-- Problem description --
Omitting all images, give the entries that follow again exactly as they read.

(Short web captions)
+---+

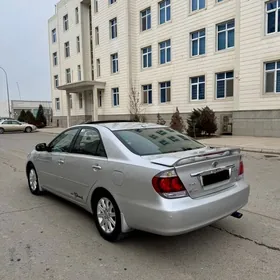 Toyota Camry 2005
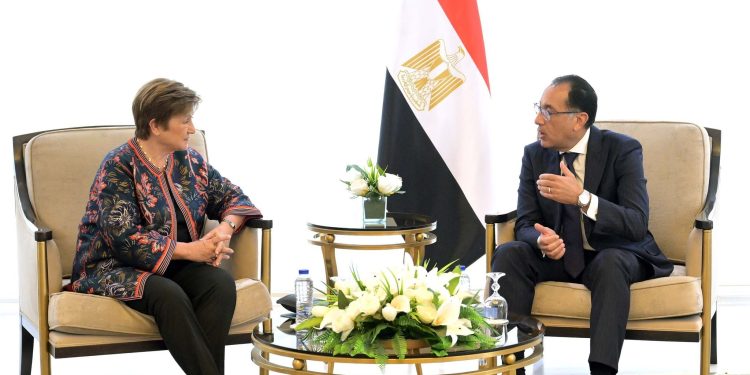 رئيس الوزراء: عدم تطبيق سعر الصرف المرن يُعيدنا إلى المربع "صفر"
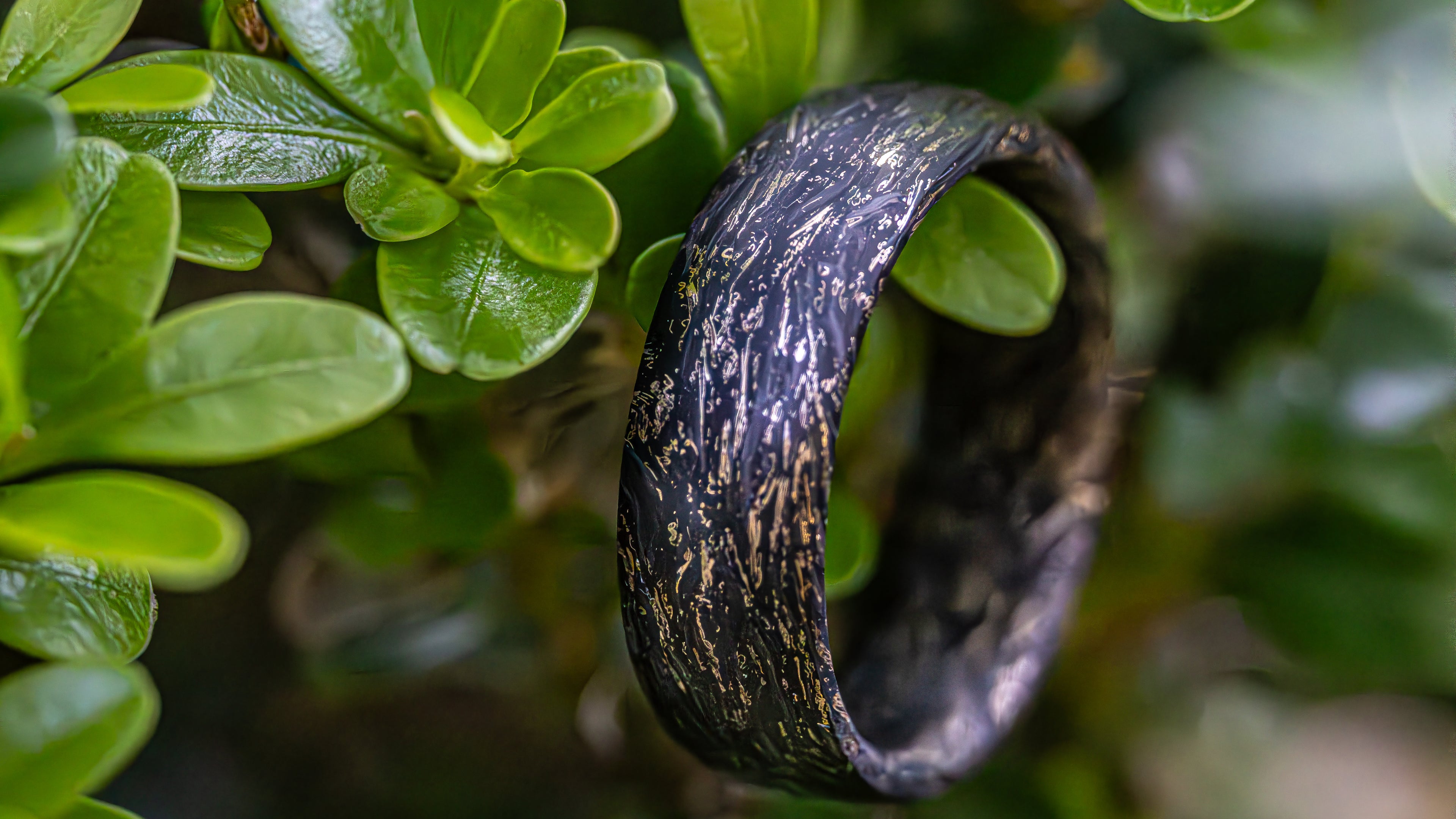 1 z 1 – Ručně vyráběný prsten z uhlíkového vlákna a se zlatým vzhledem Luxusní a pohodlný design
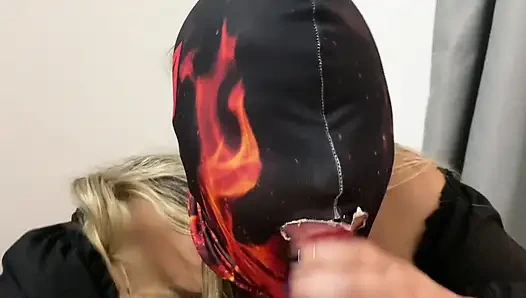 Are you recording? - Yes, mother-in-law, but with the mask on so that my wife does not discover us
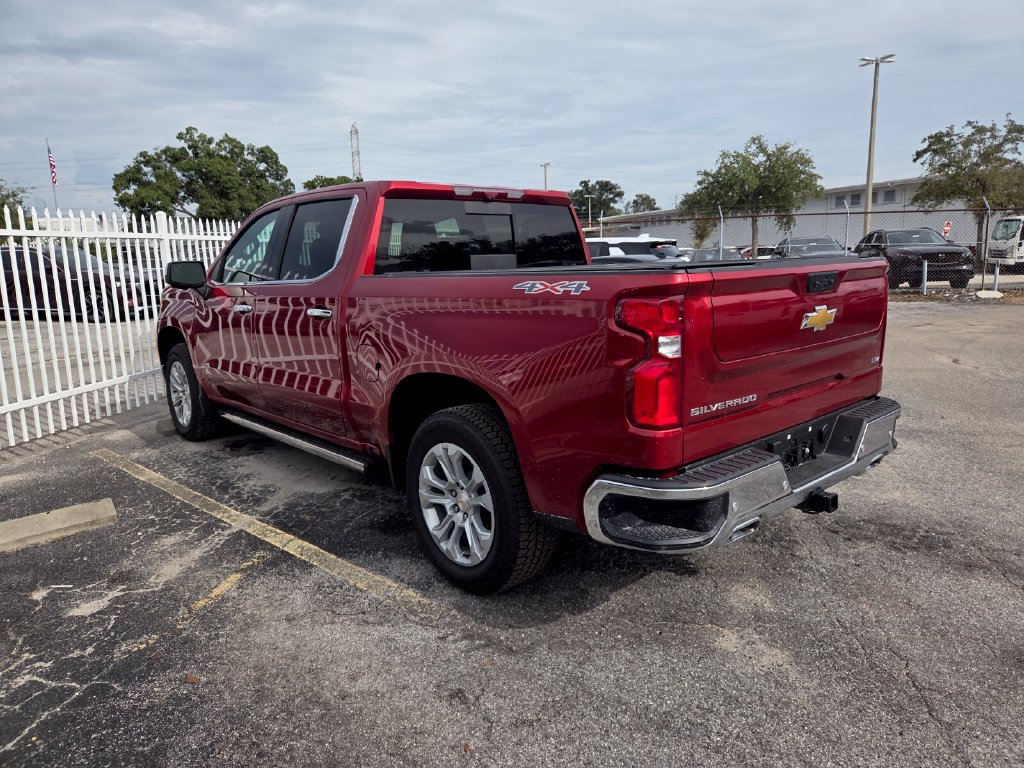 Used 2026 Chevrolet Silverado 1500 LTZ w/ LTZ Premium Package AWD/4WD image 7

+---+

-- Expected answer --
 Toyota Camry 2005
 رئيس الوزراء: عدم تطبيق سعر الصرف المرن يُعيدنا إلى المربع "صفر"
 1 z 1 – Ručně vyráběný prsten z uhlíkového vlákna a se zlatým vzhledem Luxusní a pohodlný design
 Are you recording? - Yes, mother-in-law, but with the mask on so that my wife does not discover us
 Used 2026 Chevrolet Silverado 1500 LTZ w/ LTZ Premium Package AWD/4WD image 7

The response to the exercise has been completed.